One of the "black boys" boasts to another that he can order Chief — who is "big enough to eat apples off my head" — to do his bidding, establishing Chief, the narrator of the story, as a large, passive, half-Indian. Chief can hear the men talking, which they do freely in his presence because they believe Chief is deaf. Not only does Chief hear the employees, he describes their conversation as the "hum of black machinery, humming hate and death and other hospital secrets."

Big Nurse Ratched enters the ward, and Chief describes her as carrying a wicker basket that contains the wheels and cogs she'll need to maintain the machinery of the Combine. He relates that her basket contains none of the feminine accoutrements one normally would imagine in a woman's purse.

Big Nurse catches the black boys' conversation, and Chief describes her resulting anger as a powerful force that inflates her size to as "big as a tractor," enabling him to "smell the machinery." She reverts to her original physical shape, however, when other patients enter the hall. She tells the employees to quit talking and go back to work, addressing them in an authoritative yet patronizing tone.

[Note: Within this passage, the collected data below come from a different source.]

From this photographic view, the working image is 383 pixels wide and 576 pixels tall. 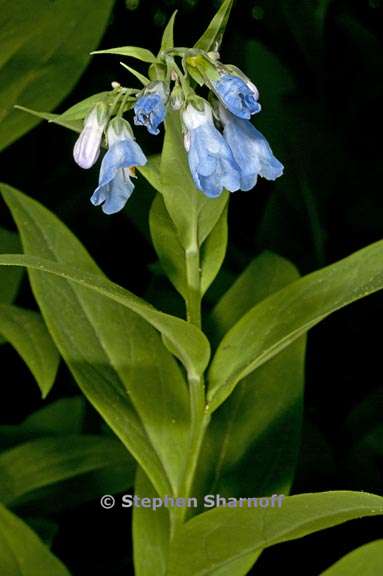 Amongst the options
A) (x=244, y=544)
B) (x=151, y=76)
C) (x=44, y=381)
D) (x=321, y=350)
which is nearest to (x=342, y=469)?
(x=321, y=350)

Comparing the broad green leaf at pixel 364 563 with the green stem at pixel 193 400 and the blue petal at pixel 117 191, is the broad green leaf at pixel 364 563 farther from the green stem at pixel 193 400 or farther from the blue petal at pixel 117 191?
the blue petal at pixel 117 191

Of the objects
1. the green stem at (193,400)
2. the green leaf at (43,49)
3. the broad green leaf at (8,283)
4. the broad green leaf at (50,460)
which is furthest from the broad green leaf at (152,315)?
the green leaf at (43,49)

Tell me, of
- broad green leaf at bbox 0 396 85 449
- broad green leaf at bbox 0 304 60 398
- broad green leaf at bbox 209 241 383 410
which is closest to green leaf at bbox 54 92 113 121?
broad green leaf at bbox 209 241 383 410

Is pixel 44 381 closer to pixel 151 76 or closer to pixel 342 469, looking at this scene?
pixel 151 76

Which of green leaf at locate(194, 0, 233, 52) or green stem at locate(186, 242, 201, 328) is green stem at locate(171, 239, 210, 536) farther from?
green leaf at locate(194, 0, 233, 52)

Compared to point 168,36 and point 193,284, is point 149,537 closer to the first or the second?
point 193,284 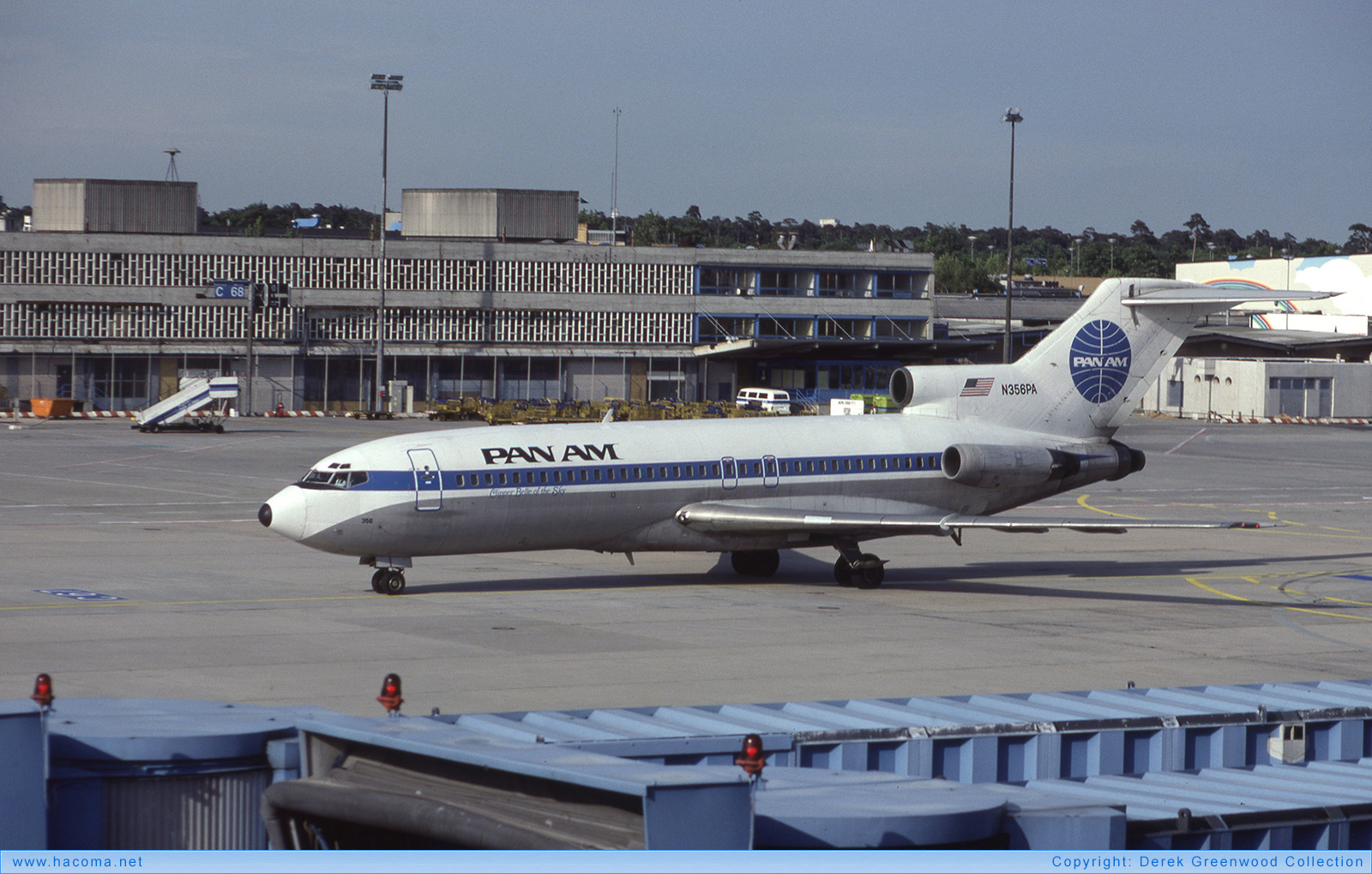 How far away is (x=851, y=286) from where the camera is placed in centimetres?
11844

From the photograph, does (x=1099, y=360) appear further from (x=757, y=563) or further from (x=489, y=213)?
(x=489, y=213)

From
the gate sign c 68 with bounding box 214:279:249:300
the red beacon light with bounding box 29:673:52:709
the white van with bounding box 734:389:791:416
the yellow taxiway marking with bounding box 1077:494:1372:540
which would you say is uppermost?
the gate sign c 68 with bounding box 214:279:249:300

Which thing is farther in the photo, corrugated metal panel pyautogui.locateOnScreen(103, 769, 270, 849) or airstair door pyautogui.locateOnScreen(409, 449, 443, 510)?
airstair door pyautogui.locateOnScreen(409, 449, 443, 510)

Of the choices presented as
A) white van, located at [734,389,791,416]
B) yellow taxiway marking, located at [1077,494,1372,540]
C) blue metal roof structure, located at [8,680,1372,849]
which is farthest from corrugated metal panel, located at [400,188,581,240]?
blue metal roof structure, located at [8,680,1372,849]

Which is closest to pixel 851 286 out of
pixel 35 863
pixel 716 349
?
pixel 716 349

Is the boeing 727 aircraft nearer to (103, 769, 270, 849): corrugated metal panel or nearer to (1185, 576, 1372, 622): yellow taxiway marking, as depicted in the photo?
(1185, 576, 1372, 622): yellow taxiway marking

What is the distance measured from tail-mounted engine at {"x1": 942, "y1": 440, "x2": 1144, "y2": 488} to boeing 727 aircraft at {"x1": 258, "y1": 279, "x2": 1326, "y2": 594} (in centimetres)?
4

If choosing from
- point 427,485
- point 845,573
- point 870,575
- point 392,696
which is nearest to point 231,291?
point 427,485

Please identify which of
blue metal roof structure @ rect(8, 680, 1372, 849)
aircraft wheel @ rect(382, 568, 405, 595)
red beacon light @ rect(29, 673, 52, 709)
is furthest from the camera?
aircraft wheel @ rect(382, 568, 405, 595)

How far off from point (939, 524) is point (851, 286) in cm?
8778

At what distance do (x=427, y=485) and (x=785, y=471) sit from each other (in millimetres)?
8022

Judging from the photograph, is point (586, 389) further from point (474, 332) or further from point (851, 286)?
point (851, 286)

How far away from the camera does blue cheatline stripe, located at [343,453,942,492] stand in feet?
97.3

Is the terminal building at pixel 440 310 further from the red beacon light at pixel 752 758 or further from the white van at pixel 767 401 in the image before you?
the red beacon light at pixel 752 758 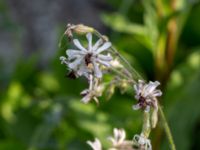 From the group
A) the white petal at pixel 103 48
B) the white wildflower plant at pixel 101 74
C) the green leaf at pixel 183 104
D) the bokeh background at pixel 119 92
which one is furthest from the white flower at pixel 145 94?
the green leaf at pixel 183 104

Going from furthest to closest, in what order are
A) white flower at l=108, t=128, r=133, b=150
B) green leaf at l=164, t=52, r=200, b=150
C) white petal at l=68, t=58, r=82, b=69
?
green leaf at l=164, t=52, r=200, b=150, white flower at l=108, t=128, r=133, b=150, white petal at l=68, t=58, r=82, b=69

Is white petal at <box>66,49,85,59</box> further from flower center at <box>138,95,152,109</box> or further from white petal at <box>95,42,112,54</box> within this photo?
flower center at <box>138,95,152,109</box>

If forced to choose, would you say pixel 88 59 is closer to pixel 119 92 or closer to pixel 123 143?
pixel 123 143

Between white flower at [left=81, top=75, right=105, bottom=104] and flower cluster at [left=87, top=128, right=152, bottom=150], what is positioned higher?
white flower at [left=81, top=75, right=105, bottom=104]

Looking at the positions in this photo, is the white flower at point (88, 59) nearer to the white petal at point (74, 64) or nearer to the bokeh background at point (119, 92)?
the white petal at point (74, 64)

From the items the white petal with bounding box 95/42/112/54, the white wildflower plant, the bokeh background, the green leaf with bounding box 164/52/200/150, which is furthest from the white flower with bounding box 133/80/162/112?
the green leaf with bounding box 164/52/200/150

Chief describes Big Nurse's large breasts as a source of bitterness for her, because he believes she would have been a perfect machine without a woman's physical attributes to remind her that she is human. The rest of his description of Big Nurse refers to her less-than-human characteristics: a "smooth, calculated, and precision-made" face "like an expensive baby doll" and her "flesh-colored enamel" skin.